Euro remains under pressure

Published on 11.01.2024 11:11

The Euro faces intense selling pressure while attempting to sustain above the crucial resistance of 1.0980 during the London session. The major currency pair corrects as the US Dollar Index (DXY) has recovered its entire losses generated in the Asian session. The USD Index has rebounded to near 102.40.

S&P500 futures have generated decent gains in the European session, portraying further improvement in the risk-appetite of the market participants. The 10-year US Treasury yields are hovering below 4%.

Investors are expected to face sheer volatility after the release of the United States Consumer Price Index (CPI) data for December, which will be published at 13:30 GMT. The headline inflation is expected to increase slightly while the core CPI is seen decelerating due to fall in prices of used cars.

Meanwhile, Fed policymakers continue to stay with a restrictive monetary policy stance until gets confidence that inflation will return to 2% in a sustainable manner.

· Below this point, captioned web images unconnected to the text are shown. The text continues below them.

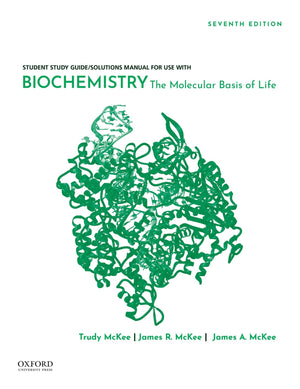 Student Study Guide / Solutions Manual for use with Biochemistry: The Molecular Basis of Life,Used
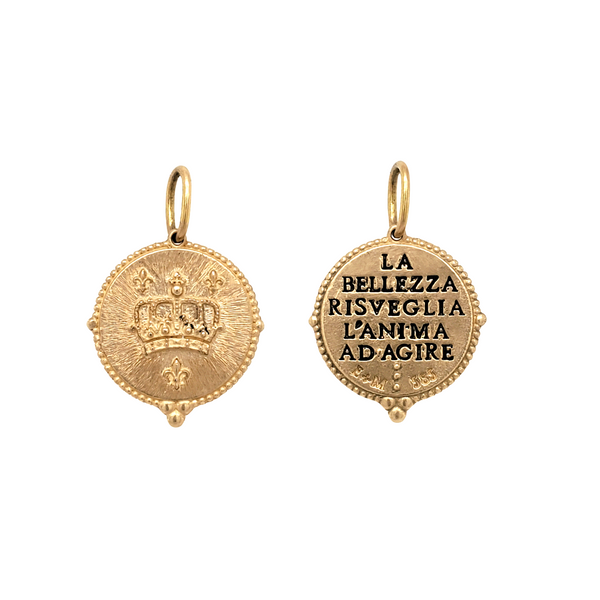 14k large round double sided crown charm reads "Beauty awakens the soul to act" by Dante item #co131d-1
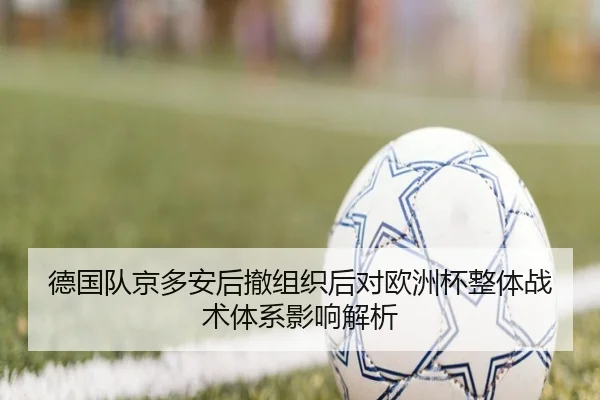 德国队京多安后撤组织后对欧洲杯整体战术体系影响解析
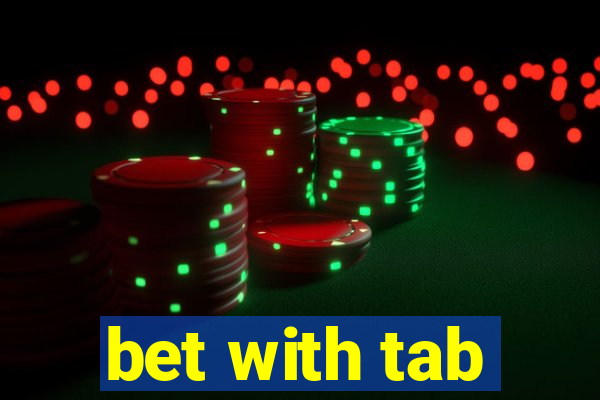 bet with tab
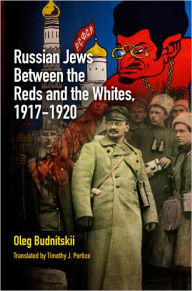 Title: Russian Jews Between the Reds and the Whites, 1917-1920, Author: Oleg Budnitskii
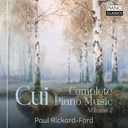 Piano Classics CUI: COMPLETE PIANO MUSIC, VOL. 2 (2CD)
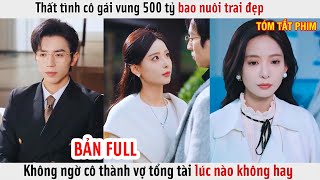 Thất Tình Cô Gái Vung 500 Tỷ Bao Nuôi Trai Đẹp Không Ngờ Cô Thành Vợ Tổng Tài Lúc Nào Không Hay [upl. by Ricker]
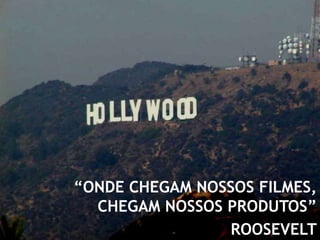 “ONDE CHEGAM NOSSOS FILMES, CHEGAM NOSSOS PRODUTOS”ROOSEVELT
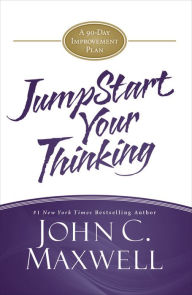 Title: JumpStart Your Thinking: A 90-Day Improvement Plan, Author: John C. Maxwell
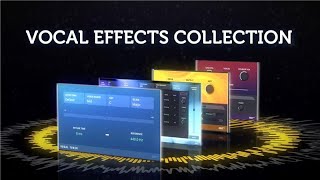 VOCAL FX COLLECTION Your complete vocal processing suite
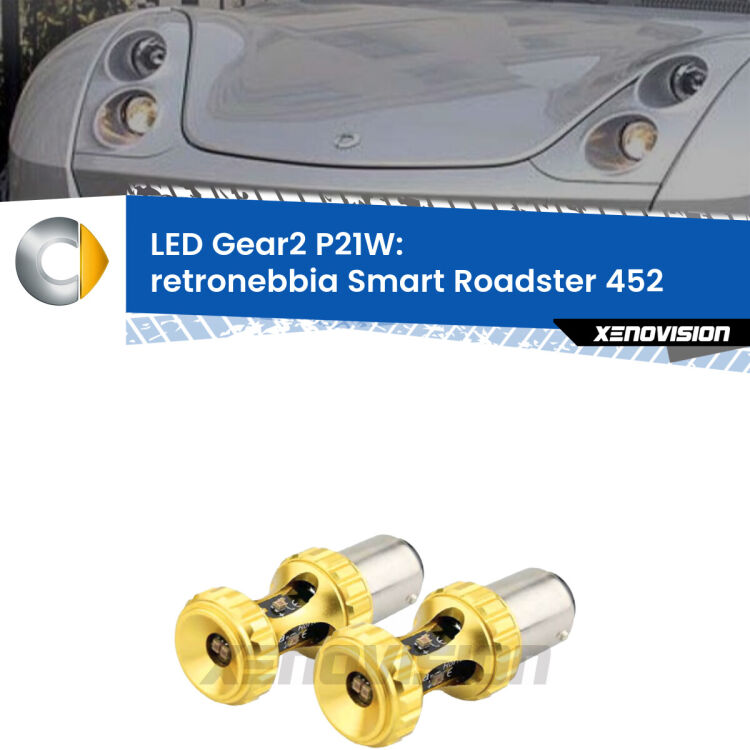 <strong>Retronebbia LED per Smart Roadster</strong> 452 2003 - 2005. Coppia lampade <strong>P21W</strong> super canbus Rosse modello Gear2.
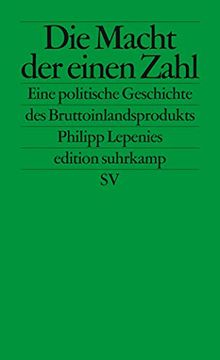 portada Die Macht der Einen Zahl: Eine Politische Geschichte des Bruttoinlandsprodukts. (in German)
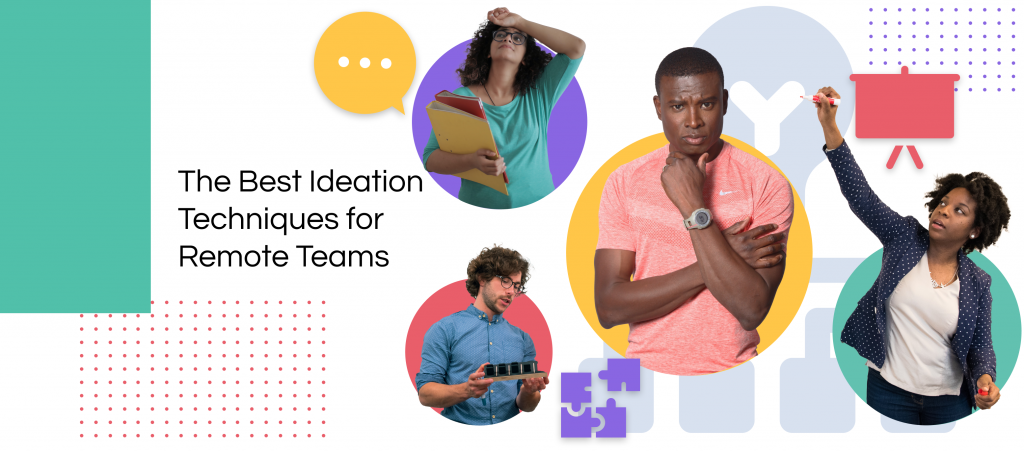 The Best Ideation Techniques for Remote Teams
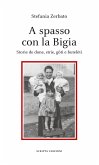 A spasso con la Bigia. Storie de done, strie, gòti e butelèti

New York Fed Bank President Raphael Bostic said on Wednesday that more work is needed to achieve the 2% inflation target and it is still too early to discuss rate cuts.

On the Euro front, the broader performance from the old continent’s currency continues to remain upbeat as a rebound in preliminary Eurozone inflation has provided an argument to European Central Bank (ECB) policymakers to maintain the ‘higher for longer’ interest rates narrative.

ECB Governing Council member and Bank of France President, Francois Villeroy de Galhau, said on Thursday that he “commits to an inflation back at 2.0% by 2025.” He added that the French economy is expected to grow by 0.9% in 2024.